有人能解释一下正则表达式的第二部分应该做什么吗?它限制;什么字符串不能通过/(mozilla)/或者反过来?

5 个解决方案

#1


4  

The two regexes would match the same strings, but would store different information in their capturing groups.

这两个regex将匹配相同的字符串,但将在它们的捕获组中存储不同的信息。

for the string: mozilla asdf rv:sadf

用于字符串:mozilla asdf rv:sadf

/(mozilla)(?:.*? rv:([\w.]+))?/
$0 = 'mozilla asdf rv:sadf'
$1 = 'mozilla'
$2 = 'sadf'

/(mozilla)/
$0 = 'mozilla'
$1 = 'mozilla'
$2 = ''

#2


2  

Note: I now notice that this answer might be a bit out of scope. I will still leave it for further information, but if you think it is too much out of scope, just comment and I will remove it.
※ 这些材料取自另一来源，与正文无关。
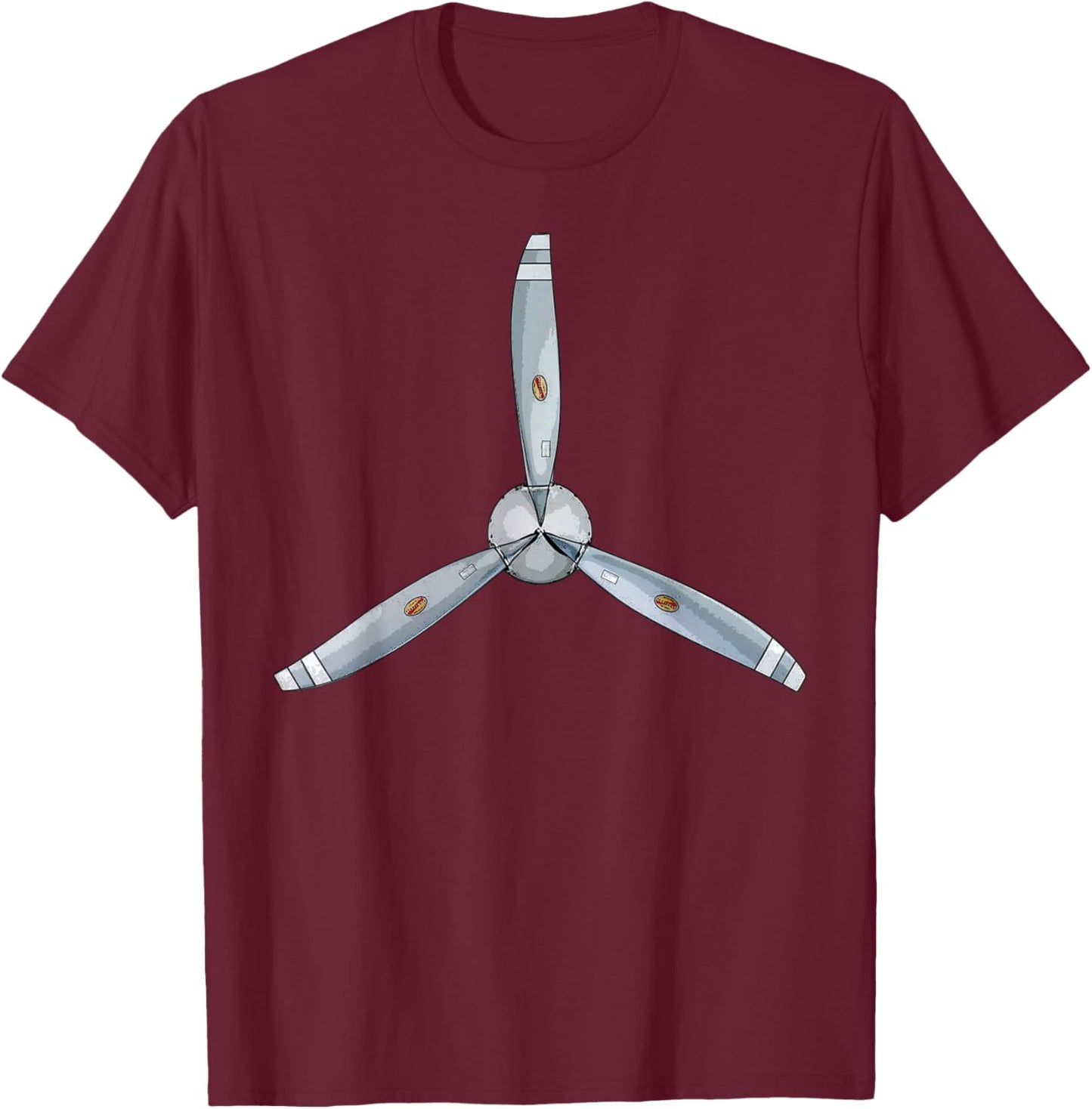 Aircraft Propeller Pilot airplane prop aviation T-Shirt - T-Shirt | Maroon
注意:我现在注意到这个答案可能有点超出范围。我仍然保留它以获取进一步的信息,但是如果您认为它超出了范围,请评论一下,我将删除它。


@arnaud is right, it is to get the version. Here is the code where the expressions is used:

@arnaud是对的,是去取版本。这里是使用表达式的代码:

uaMatch: function( ua ) {
    ua = ua.toLowerCase();

    var match = rwebkit.exec( ua ) ||
                ropera.exec( ua ) ||
                rmsie.exec( ua ) ||
                ua.indexOf("compatible") < 0 && rmozilla.exec( ua ) ||
                [];

    return { browser: match[1] || "", version: match[2] || "0" };
},

You can see that the function returns the version if found and 0 if not. This might be necessary for some browsers or is just provided as additional information for developers.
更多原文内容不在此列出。